On the other hand, the learned standing cousel contended that in determining the total amount of income which the ITO had reason to believe to have escaped assessment, he was entitled to take into consideration the difference between the total investment on the cold storage in the assessment year 1961-62 as valued by the valuation officer and the total investment as disclosed by the petitioner during the assessment for that year, that has such difference exceeded Rs. 50,000 the ITO had reason to believe that the income which had escaped assessment for the assessment year 1961-62 exceeded Rs. 50,000.
In reply, Shri Hajela pointed out that in his report to the CBDT setting out the reasons for initiating proceeding under s. 148 of the I.T. Act, 1961 (produced as annexure C to the counter-affidavit), the ITO had stated that the reason for the belief that income had escaped assessment was that the valuation officer had worked out the investment in cold storage at Rs. 1,46,530 as against the disclosed investment of Rs. 54,856. Shri Hajela argued that the petitioner had disclosed in the assessment for the year 1961-62 an investment of Rs. 54,856 only on the construction of the building and that the ITO had in mind only the investment by the petitioner on buildings and not on plant or machinery, that the ITO had proceeded on an erroneous basis that the report of the valuation officer disclosed an error in regarding the investment of wooden staging valued by the valuation officer at the Rs. 64,352 as a part of the building.
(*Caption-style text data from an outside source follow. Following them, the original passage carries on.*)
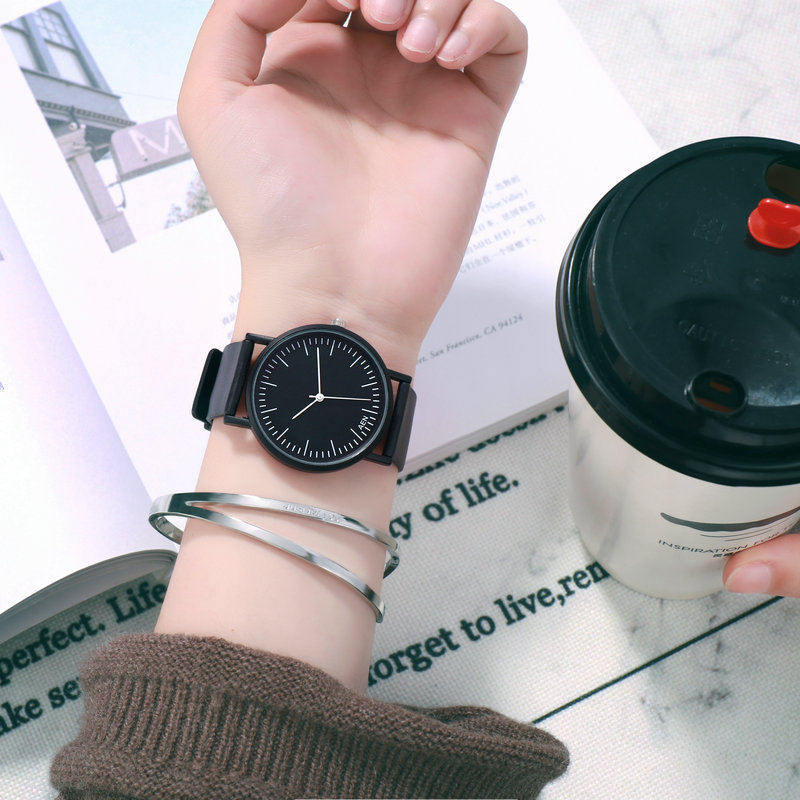 Picture of Popular Style Watch Female Student Korean Style Simple Fashionable Sports Casual Men's Atmospheric Retro College Style Couple's Watch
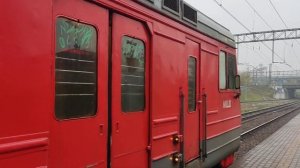 Электропоезд ЭД4М-0328 с маршрутом Захарово - Апрелевка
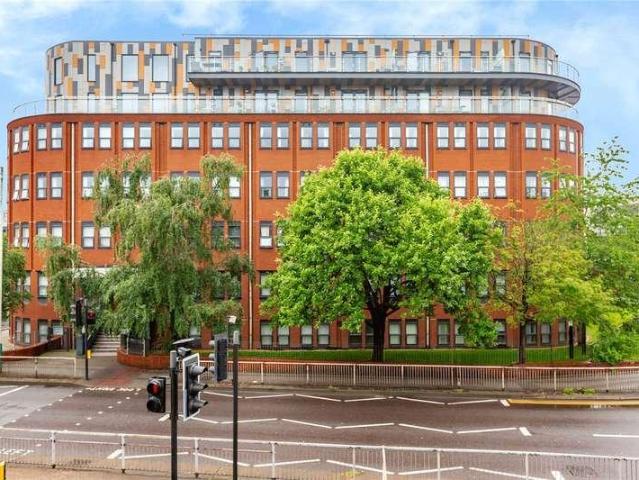 Apartment for rent in Rush Green, Greater London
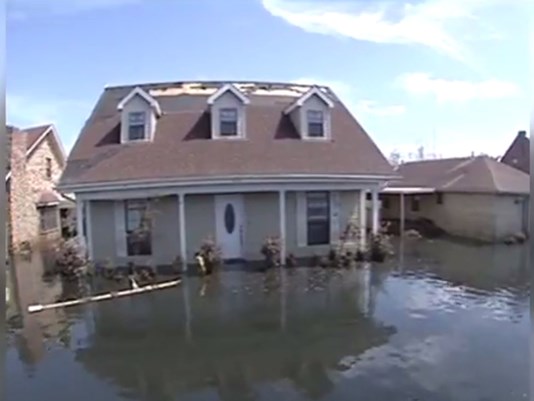 Flooding from Katrina_1462420299149_2109560_ver1.0_219326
Shri Hajela maintained that the wooden staging in a cold storage should be regarded as a part of the plant and not the building. In support of his contention he relied on the ruling of this court in CIT v. Kanodia Cold Storage : 100ITR155(All) that the freezing chamber containing insulation material like cork to keep it at appropriate temperature should regarded as coming within the meaning of 'plant' as used in s. 43(3) of the I.T. Act 1961.
Shri Hajela is right, in our opinion, that the wooden staging in the petitioners cold storage (valued by the valuation officer at Rs. 64,352) cannot be regarded as a part of the building. If the value of wooden staging estimated by the valuation officer at Rs. 64,352 is excluded, the total investment on the buildings of the cold storage, even according to the valuation officer, would be only Rs. 82,178. Hence, there was no basis for any reasonable belief by the ITO that the petitioners investment on buildings during the assessment year 1961-62 exceeded the amount shown by him, i.e. Rs. 54,852 by more than Rs. 50,000. Hence, he could not issue a notice under s. 148 of the I.T. Act, 1961, beyond 8 years from the date of the close of the assessment year 1961-62. That notice is clearly beyond time and invalid.
Hence, we allow this petition and quash the notice dated July 14, 1976, (annexure IV to the writ petition).
In the circumstances of the case, we direct the parties to bear their own costs.